The adolescent country. The bit player. The shrimp of the schoolyard.
For Australians it’s not so bad — most of the time — to be so far away, so overlooked, so seemingly insignificant as to almost never factor in major international news. The lifestyle makes up for it.
But occasionally, there’s an awkward, pimply youth moment so embarrassing that it does sting. Like when 19 of the world’s most important leaders visit for a global summit and Prime Minister Tony Abbott opens their retreat Saturday with a whinge (Aussie for whine) about his doomed efforts to get his fellow Australians to pay $7 to see a doctor.
And then he throws in a boast that his government repealed the country’s carbon tax, standing out among Western nations as the one willing to reverse progress on global warming — just days after the United States and China reached a landmark climate change deal.
The Group of 20 summit could have been Australia’s moment, signaling its arrival as a global player, some here argued. But in all, the summit had Australians cringing more than cheering.
It was a classic example of what Australian author and journalist Peter Hartcher calls the “pathology of parochialism” in a recent book, “The Adolescent Country.” Hartcher argues that the nation’s politicians rarely miss a chance to trump important foreign policy matters of long-term national interest to score cheap domestic political points.
“The big matters are commonly crowded out by the small,” he argues. “International policy is used for domestic point-scoring.”

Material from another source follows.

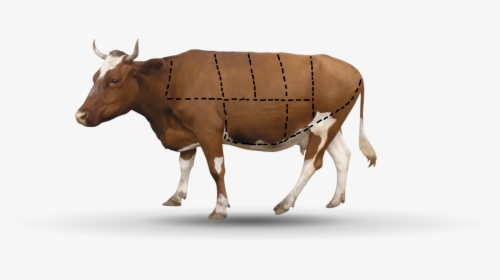 A A Cow Has 7 Parts - Transparent Background Cattle Png, Png Download, Transparent PNG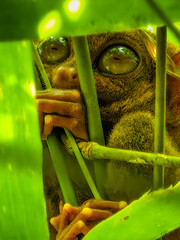 Close up shot of unique and cute looking Tarsier with large eyes. Bohol rainforest Tarsier sanctuary in Philippines of one of the smallest primates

Opposition leader Bill Shorten called Abbott’s opening G-20 address “weird and graceless.”
“This was Tony Abbott’s moment in front of the most important and influential leaders in the world, and he’s whinging that Australians don’t want his GP tax,” said Shorten, referring to the $7 fee.
It’s a tendency some observers argue not only damages the country’s credibility but Australians’ ability to take themselves seriously.
Historians such as Geoffrey Blainey, who wrote “The Tyranny of Distance” in 1966, explained Australia’s “cultural cringe” and parochialism as a product of the continent’s historic isolation and vast distance from the colonial power, Britain. The title became an explain-all catchphrase. But almost 50 years later, with China and other Asian powers rising, Australia leaning toward its Asian neighbors, and NATO dominance waning, surely Australia has grown up?
Hartcher believes that Australian politicians have lately squandered opportunities to strengthen the country’s global position at the time of a major global power shift.
“The great crises that threaten Australia’s national prosperity come from abroad,” he wrote. “So do the grandest opportunities. But the reflex in Australia’s national politics is that where these biggest stakes come into competition with the smallest, the small are the ones that very often win.
“Measured against its potential today and its needs tomorrow, Australia is seriously underperforming and it is underperforming because of the pathology of parochialism.”
In a book about Australia last year, the BBC’s former Sydney correspondent Nick Bryant said parochial politics had been taken to the point of absurdity and “the party room has trumped the halls of international summitry.”
After the July downing of Malaysia Airlines Flight 17, widely blamed on pro-Russia Ukrainian separatists, Abbott publicly vowed to “shirt-front” Russian President Vladimir Putin — a term conveying a chest-to-chest male physical confrontation. After orchestrated Western pressure and pointed slights against Putin at the G-20, the Russian leader reportedly planned to leave early.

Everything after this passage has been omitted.